Когда-то у меня было имя, которое я училась нести с гордостью. Это сейчас ко мне обращаются не иначе как: эй ты, мальчишка, замарашка, босяк, отродье и прочие нелестные слова, на которые у знатных господ хватает фантазии.

О том кто я, не знает никто, кроме меня. Я Эмма фон де Пален — дочь графа Адалрика фон де Палена, лишённого титула, всех званий, привилегий и имущества, замученного пытками и казнённого за то, что он был одарённый. Его дар, из нас двоих с братом, к счастью, унаследовала только я. Он живет внутри меня в области сердца, разливается теплом в груди, в минуты волнения течёт по венам с лёгким покалыванием и изредка бесконтрольно срывается искрами пламени с кончиков пальцев в мгновения особо сильных потрясений. Мой огонь не обжигает, он не способен зажечь свечу или оставить на теле ожог.
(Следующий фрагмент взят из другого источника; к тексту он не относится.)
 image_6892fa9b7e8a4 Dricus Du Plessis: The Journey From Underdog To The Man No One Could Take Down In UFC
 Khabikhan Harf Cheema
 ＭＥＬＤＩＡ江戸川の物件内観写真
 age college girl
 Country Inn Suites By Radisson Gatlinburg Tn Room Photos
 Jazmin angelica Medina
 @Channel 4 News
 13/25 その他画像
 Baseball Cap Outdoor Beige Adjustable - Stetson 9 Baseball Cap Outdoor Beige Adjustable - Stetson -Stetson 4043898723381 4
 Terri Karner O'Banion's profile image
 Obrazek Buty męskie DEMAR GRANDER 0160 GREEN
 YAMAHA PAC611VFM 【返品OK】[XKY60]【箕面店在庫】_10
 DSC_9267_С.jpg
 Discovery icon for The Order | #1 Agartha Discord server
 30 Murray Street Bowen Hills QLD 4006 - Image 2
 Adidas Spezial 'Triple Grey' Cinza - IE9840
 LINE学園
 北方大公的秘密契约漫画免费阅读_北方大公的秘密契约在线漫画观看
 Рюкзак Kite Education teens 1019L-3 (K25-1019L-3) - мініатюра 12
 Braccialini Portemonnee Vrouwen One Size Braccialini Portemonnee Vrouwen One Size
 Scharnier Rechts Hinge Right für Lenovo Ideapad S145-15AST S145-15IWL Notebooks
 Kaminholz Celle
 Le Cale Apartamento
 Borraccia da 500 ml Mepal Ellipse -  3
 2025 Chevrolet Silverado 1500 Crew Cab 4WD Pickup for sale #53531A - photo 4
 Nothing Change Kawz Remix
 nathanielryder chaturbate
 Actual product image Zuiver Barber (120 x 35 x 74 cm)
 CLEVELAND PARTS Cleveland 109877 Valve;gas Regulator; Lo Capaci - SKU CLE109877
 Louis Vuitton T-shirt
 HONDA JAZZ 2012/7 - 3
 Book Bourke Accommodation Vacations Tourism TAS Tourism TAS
Ничего из того, что представляют себе люди, когда речь заходит об огне, я сделать не смогу. Мой дар может охватить пламенем металл, который, несмотря на высокий столб огня, не будет нагреваться, этакая иллюзия — обман для несведущих зевак. Ещё я способна погнуть железо, одним щелчком пальцем переместить тяжёлый корабельный якорь, соединить между собой трубы, да так, что ни один кузнец не сравниться со мной в мастерстве — на месте стыка не будет видно ни малейшего шва. Но самое главное, что мне удаётся — это открывать замки одним прикосновением, чем я, конечно, пользуюсь и за что получила прозвище «невидимка». После моей работы невозможно найти ни единого следа взлома.

Порой мне очень хочется забыть о своих способностях и стать обычной девушкой, мечтающей выйти замуж по любви, а не по настоянию папеньки или же проснуться в далёком прошлом, когда, если верить сказаниям, одарённые были особенными. Их уважали и любили, делали подношения и считали огромной удачей жить с ними по соседству, но всё меняется. Неконтролируемые вспышки силы, порой опасные для окружающих, сделали таких как я изгоями. Дурная кровь, прогнивший разум, что только не говорили о них за их спинами, страшась находиться поблизости. Терпеть такое отношение к себе одарённые не стали и ушли в проклятый лес, отделившись от людей вечной зимой и стеной, через которую обычный человек не пройдёт. Если бы я обладала даром земли, воздуха, воды, была бы целительницей — пошла бы за ними. Но я оказалась чужой среди всех. Меня не хотят видеть в живых ни одарённые ни люди. Во мне поселился самый опасный, самый неконтролируемый дар, обрекая на вечное одиночество, без права на ошибку.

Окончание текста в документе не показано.